The New Nintendo 2DS XL: All the Tech, Zero Depth

On April 27th, Nintendo unveiled the latest product in the “3DS Family”, the New Nintendo 2DS XL, a cheaper, slimmer version of 2015’s New Nintendo 3DS XL without the 3D display. In October 2013, Nintendo released the original 2DS exclusively in North America, a cheaper version of the smaller 3DS without a 3D display or clamshell design. The 2DS was intended for younger and more budget-conscious gamers for whom 3D was a nonissue.

The New 2DS has all the features of the New 3DS… Well, almost… The C-Stick analog “nub” and the additional ZL and ZR buttons are included for games that utilize the former Circle Pad Pro accessory. The New 3DS’s faster processor is included for quicker load times and extra power (some of the benefits of which are moot — but more about that later). Both the upper and lower screens are the same size as the other XL units. Finally, the New 2DS XL has a clamshell design like the rest of the DS and 3DS family (excepting the original 2DS).

So what feature is missing? The New 3DS’s Super Stable 3D, of course. One of the most impressive features of the New 3DS upgrade was the addition of a front-facing infrared camera that tracked the movement of the player’s head, coupled with a display that adjusted the image so that one rarely lost the three-dimensional effect, making gameplay in 3D a less confining experience. The faster processor also allowed more graphically intensive games to run stereoscopically which would otherwise bog down the 3DS OG. Obviously, both of these features are lost completely.

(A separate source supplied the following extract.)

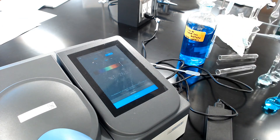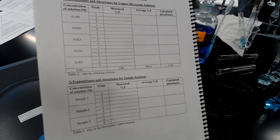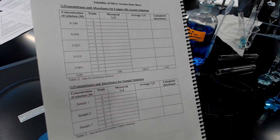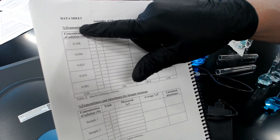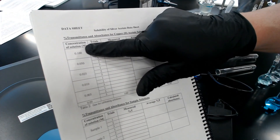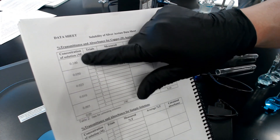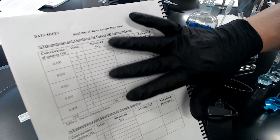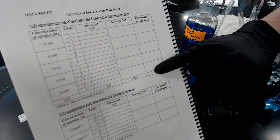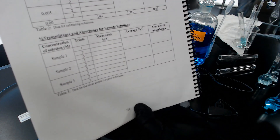You'll do that for all three samples. When measuring calibration solutions, go from lightest to darkest — from the bottom up — because any carryover from a dark solution will contaminate lighter ones, but not vice versa. Measure your data three times, take the average, calculate the absorbance, and record the data for all three test tubes. Once you've recorded all those numbers, you're done.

I mean, I get it. The parallax screen is more expensive to manufacture; and 3D gaming is not as much of a draw as it was in 2010; and recent 3DS games have used 3D sparingly, or not at all; and statistically, a majority of people rarely if ever use the 3D effect anyway — but you know what? Nintendo called the system the “3DS”. They flaunted the glasses-free 3D for months. They set up store displays to show it off. They released games that took advantage of the 3D effect. And they got a lot of gamers excited about being able to play games in 3D who could never afford a 3DTV at the time. Why turn their back on its defining feature now? That would be like releasing a DS without the touch screen, or a Wii without the Remote, or a Wii U without the GamePad. Those features are what made those systems unique in the first place. Besides, the 3D feature has always been optional and adjustable since even the E3 demo.

Anyway, if you are looking to upgrade your “old” Nintendo 3DS, or join the generation in its homestretch, and stereoscopic gaming is something you’re sure you will never be interested in, the New 2DS XL will be released in the United States on July 28 and retail at $149 USD, $50 cheaper than its three-dimensional older brother.